Chemistry 713: Quantum ChemistryLast update: for Fall 2017
Tentative course calendar
Lecture Meetings: Tue, Thu 5:00-6:15 pm, SSW-2512
Office Hours: Mon/Wed 9:30-10:30 am, CSL-310. These office hours are shared with an undergraduate class, so please be patient if you come by and I'm with other students.
Textbook: Physical Chemistry: Quantum Chemistry and Molecular Interactions, Andrew Cooksy. This book is intended for an undergraduate physical chemistry course, but has enough advanced topics and additional material that I think it will be suitable for our class, while providing a lot more support in case you haven't had to think about quantum for a while. The bookstore will have this, but you do not need the online homework subscription, so if you can find a used copy, that will be fine.
This course is intended to benefit chemistry graduate students in all areas, as well as students in other departments with interests in the fundamentals of molecular structure and interactions. As a prerequisite, the complete undergraduate, calculus-based p-chem course (the equivalent of our CHEM 410A and 410B) is expected (as well as the year of calculus and calculus-based physics that are prerequisite to p-chem). You're welcome to contact me if you want to ask about the course content or what would be suitable preparation for the course. The emphasis should be on the principles of quantum mechanics common to all applications of chemistry, so students are encouraged to bring issues from their own research (or of other interest) to the attention of the instructor for discussion (the sooner the better).
Student learning objectives:
At the conclusion of the course, the student should be able to:
- Apply existing exact solutions to the quantum mechanics of ideal systems (such as the particle in a box, harmonic oscillator, and one-electron atom) to real systems.
- Qualitatively solve the Schrödinger equation, predicting the general features of the energies and wavefunctions based on the potential energy function of any system.
- Write (but not necessarily solve) the Schrödinger equation for any chemical system, and judiciously apply available approximations and numerical tools.
- Set up and carry out computations to solve for the properties of a molecule based on its wavefunction.
- Successfully interpret the results of a typical electronic structure calculation.

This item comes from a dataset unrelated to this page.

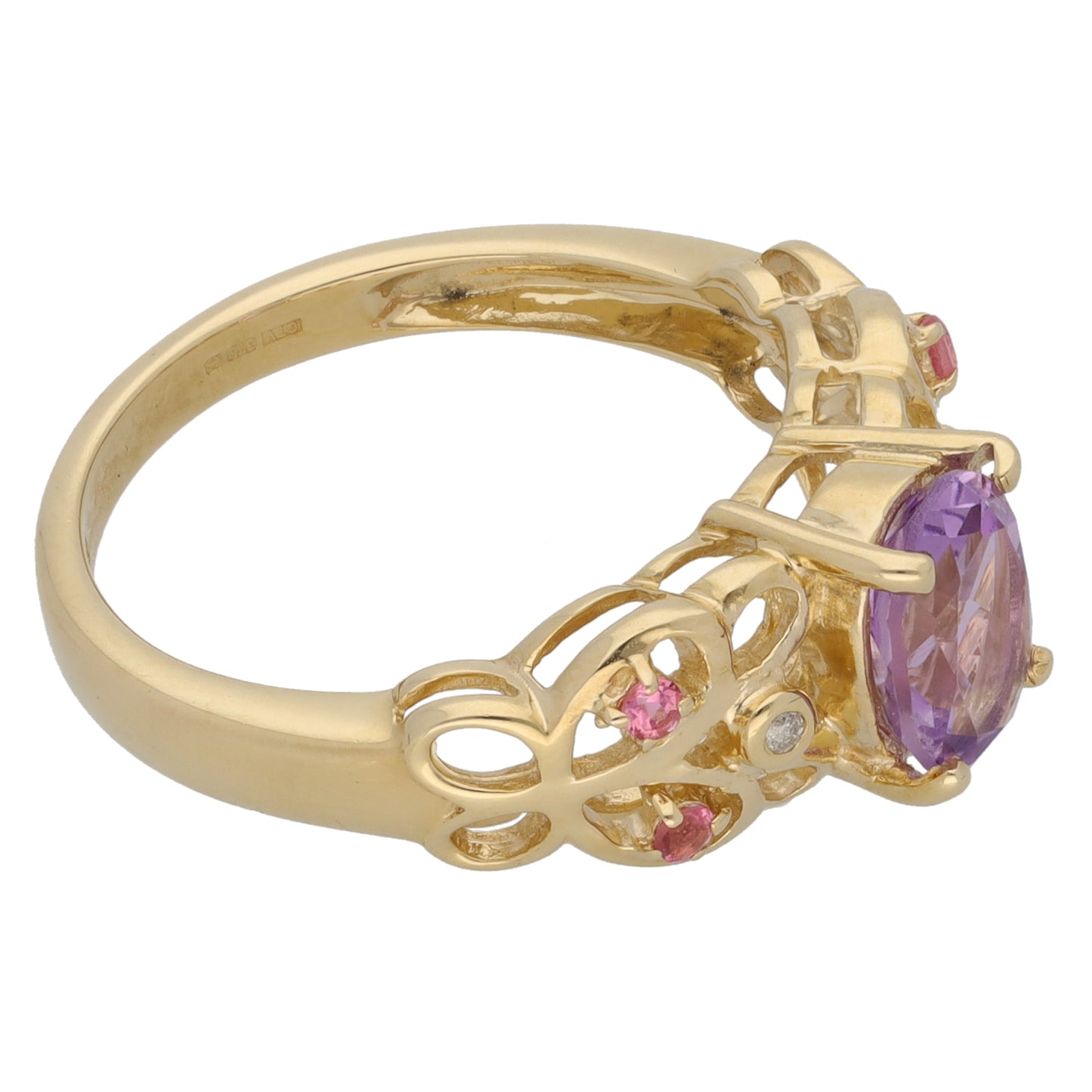 9ct Gold Amethyst, Tourmaline & 0.02ct Diamond Dress/Cocktail Ring Size M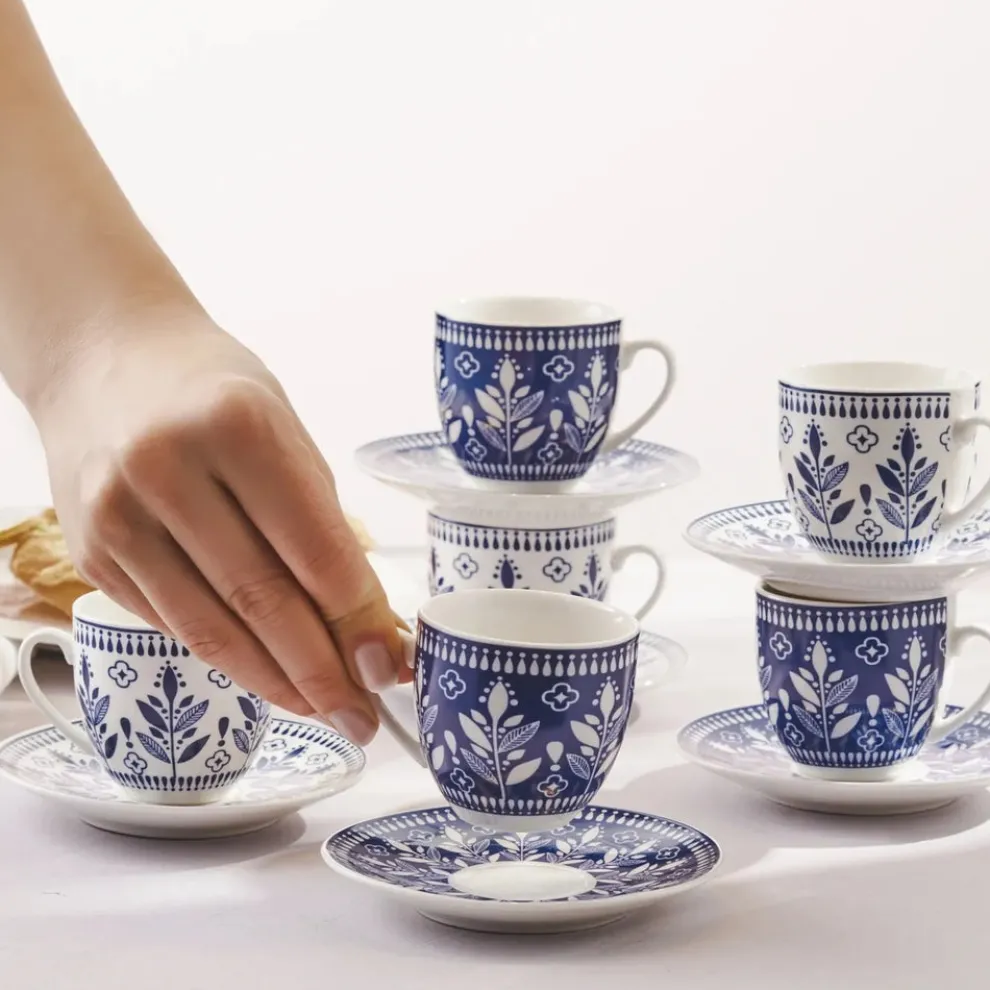 Karaca Peyker 12-Piece Bone China Espresso Turkish Coffee Cup for 6 People, 85ml, Blue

Chemical quantum mechanics, which is where to begin if you want chemistry to ever really make any sense.
- Quantum Physics
- The Schrödinger equation, operators, and wavefunctions
- Solutions to idealized potentials: the box, the ring, the harmonic oscillator
- Quantized angular momentum
- Quantum Chemistry
- One-electron atoms
- Many-electron atoms and practical quantum mechanics
- Little molecules
- Bigger molecules
- Computational Chemistry
- Your Application Here
I don't intend to stray from the book's general sequence too much, but I may cover two or three chapters as a group, because I don't think some things separate as nicely as the book would like. I hope to add one or two things and will definitely skip a lot of things as we go along.

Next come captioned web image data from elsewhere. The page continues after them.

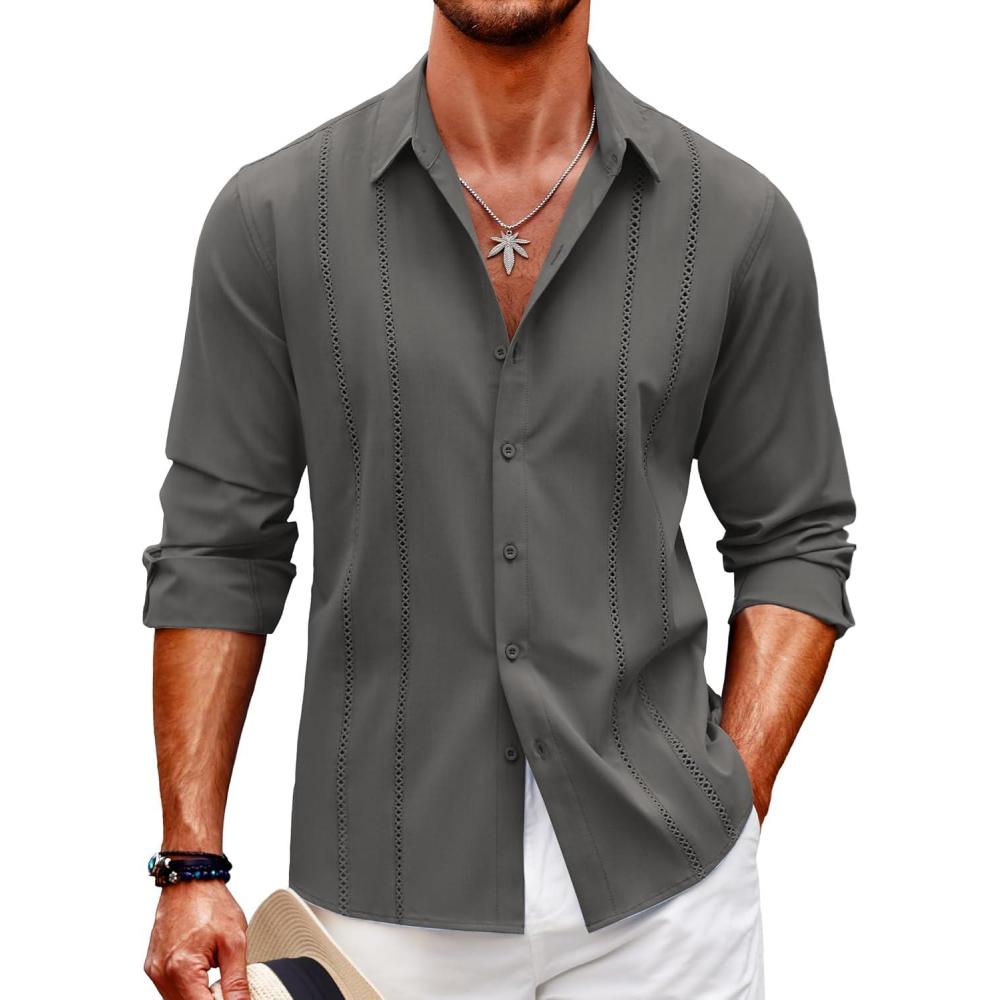 imageCOOFANDY Mens Cuban Guayabera Shirt Casual Button Down Shirts Long Sleeve Summer Beach ShirtsDark Grey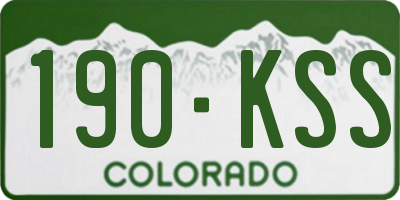 CO license plate 190KSS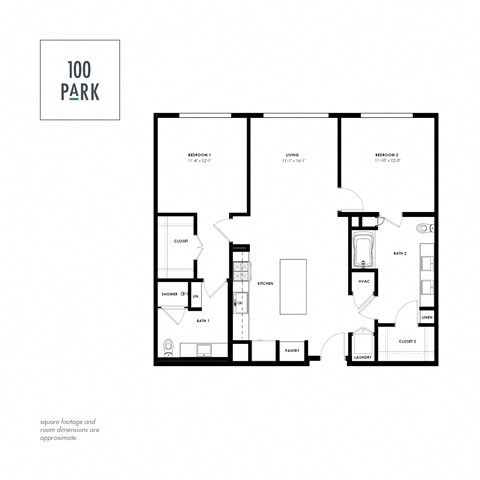 A black and white image of a floor plan for a 100 Park apartment.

You should be comfortable with algebra and the simple derivatives and integrals (especially of the functions axn, eax, and sin(ax) or cos(ax) ). We will cover some matrix algebra, but you don't need to have seen it before.
- homework: 5%
- three exams: 25% each (drop lowest score)
- computational project: 20%
- presentation: 25%
- final: there will be no final exam for the course, to give you more time to work on projects and presentations.
Exam Dates for Fall 2017
- exam 1: Tue Sep 26
- exam 2: Tue Oct 31
- exam 3: Tue Dec 12
Computational Project and Paper Presentation
I may modify these intrsuctions, but here is the handout describing these projects from Spring 2010. Comments are welcome.

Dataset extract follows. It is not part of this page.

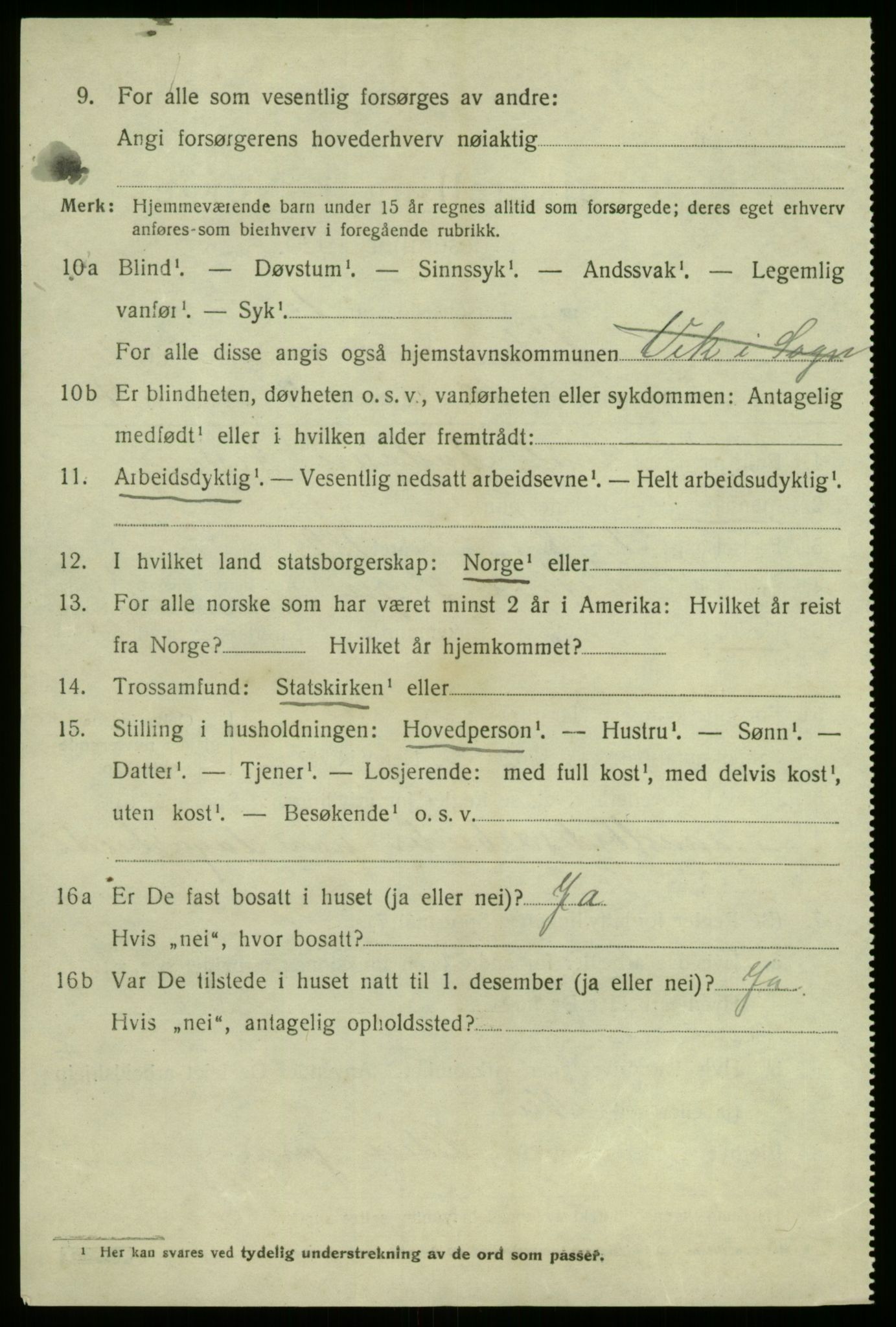 SAB, 1920 census for Vik, 1920, p. 4790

Students with Disabilities
If you are a student with a disability and believe you will need accommodations for this class, it is your responsibility to contact Student Disability Services at (619) 594-6473. To avoid any delay in the receipt of your accommodations, you should contact Student Disability Services as soon as possible. Please note that accommodations are not retroactive, and that accommodations based upon disability cannot be provided until you have presented your instructor with an accommodation letter from Student Disability Services. Your cooperation is appreciated.
Students are expected never to represent someone else's work as their own or assist others in doing so. Violations of this rule will be documented and may result in automatic failure and disciplinary review by the University. Please see the SDSU academic honesty page for further information.